Why do automated machines fail? Deterioration caused by not maintaining basic standards and lack of operative training, stress as a result of poor design at the outset, and weaknesses, such as poor quality parts, tend to be the main factors say three automation experts
Representing the end user viewpoint is Geoff Hann (MIET), Engineering Manager at Morrisons Thrapston manufacturing site, while David Jahn, Director at Brillopak looks at maintenance from a machine build perspective, and Dan Rossek from Omron reviews the latest technology that’s helping to streamline and implement a strategy of predictive maintenance.
The three experts share their tips on how to maximise overall equipment effectiveness (OEE) on food production pick and pack lines by instilling a workplace culture of pride in asset care and explain why having the basics in place can lead to greater success during the transition towards Industry 4.0.
In the last decade, food produce environments and packhouses have realised the productivity benefits that can be gained by being less reactive to maintenance tasks and adopting a proactive approach to asset care. “From an end-user’s perspective, a key driver behind this change has been the growing acceptance of OEE as a measure for a company’s productivity,” said Omron’s Dan Rossek.
Brillopak’s David Jahn said: “Machine technology is just one aspect of automation.
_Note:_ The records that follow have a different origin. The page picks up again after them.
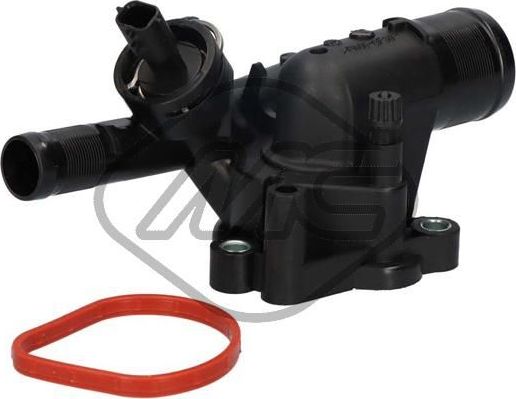 КОРПУС ТЕРМОСТАТА NISSAN Metalcaucho. Артикул 30301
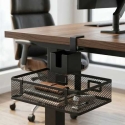 Spacetronik Rotating Shelf Under Counter SPB137B Spacetronik Rotating Shelf Under Counter SPB137B
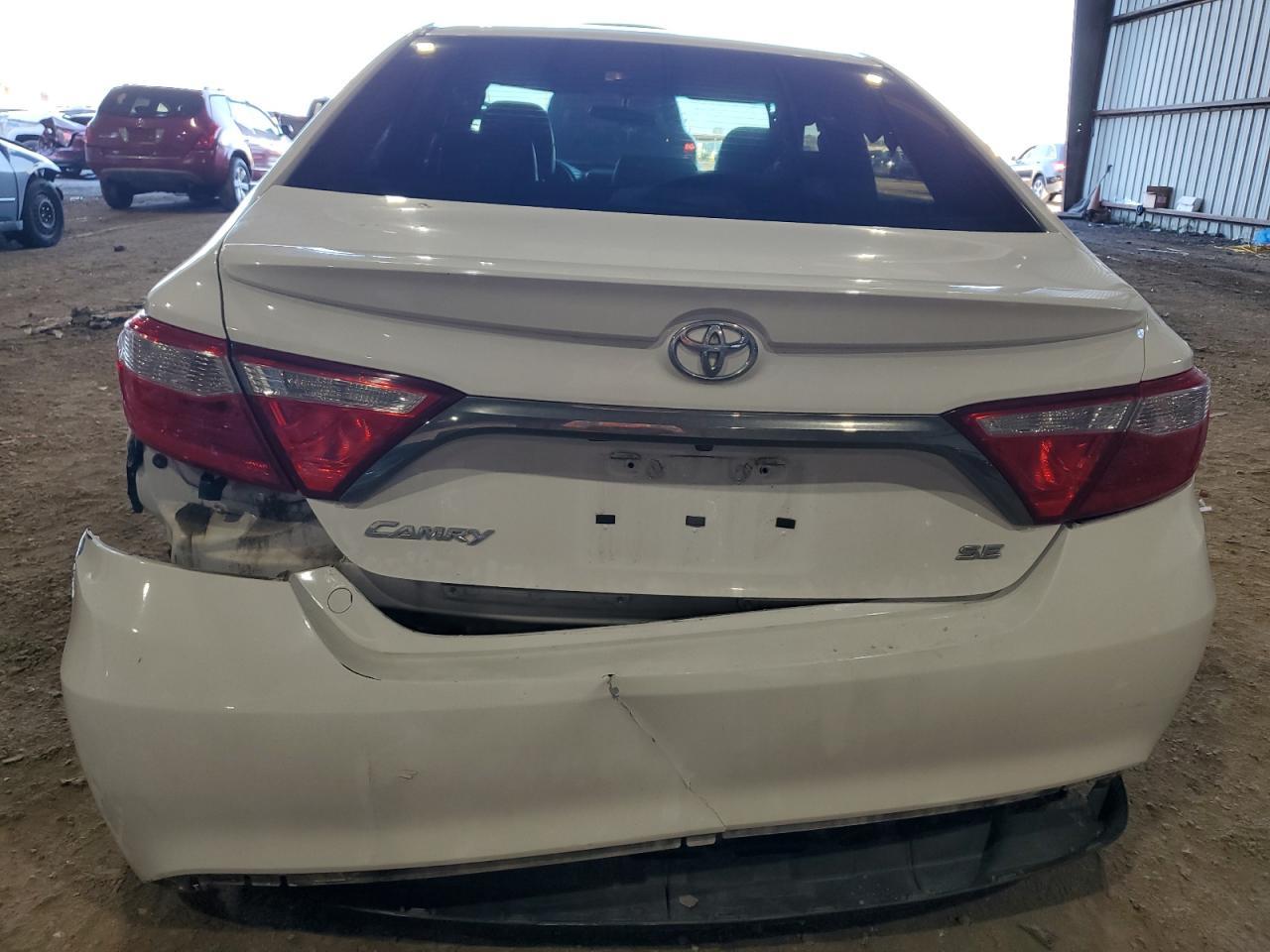 2017 TOYOTA CAMRY LE - Image 6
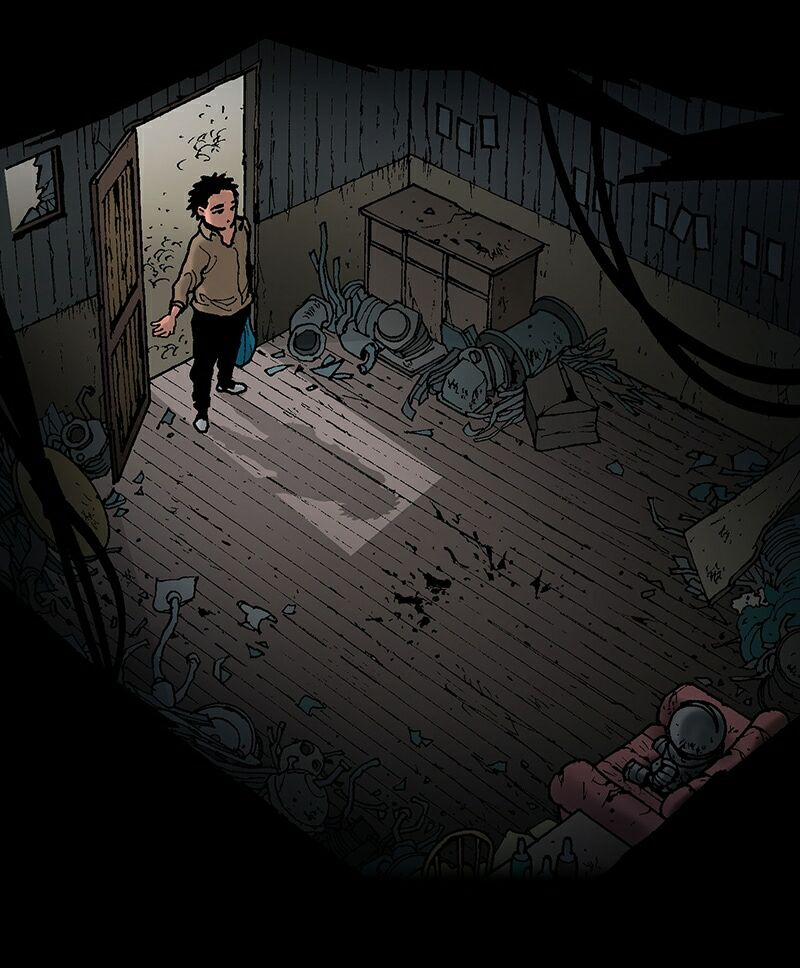 Kinh Dị Không Lời 0 0 Ngược Đãi trang 21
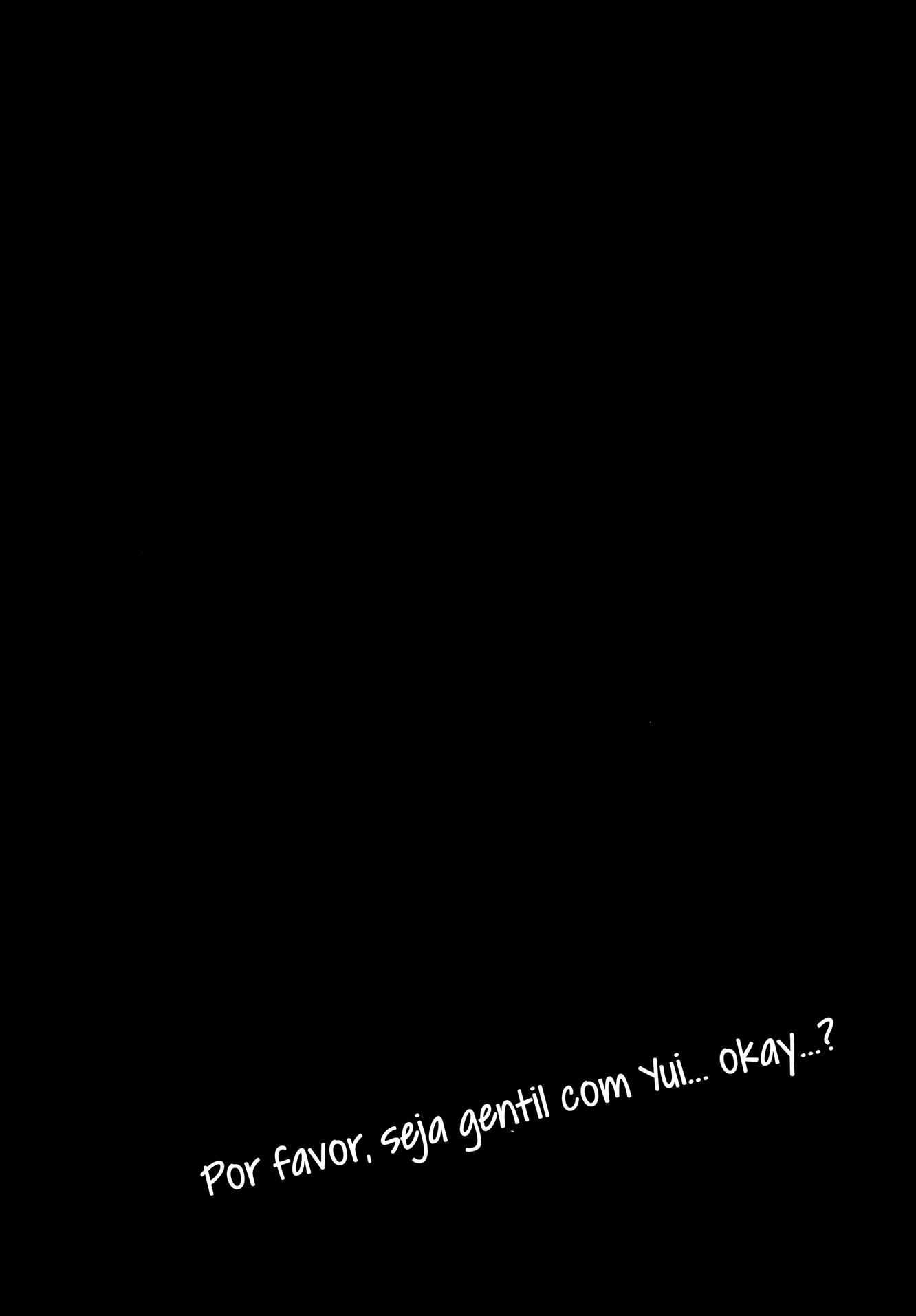 Caso Amoroso de Yukata Com Yuuki - Foto 3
In a marginal business like fresh produce packing, if a production line stops or slows down to accommodate a hold up further up the line, that eats into productivity and therefore profits. The whole process, from weighing and flow-wrapping produce to loading it into a case for palletising must run seamlessly in order to optimise OEE."
"Operatives need to feel confident and familiar with equipment. Chaotic layouts, factory clutter and workforce hostility towards automation are probably the most common reasons that production gets disrupted.”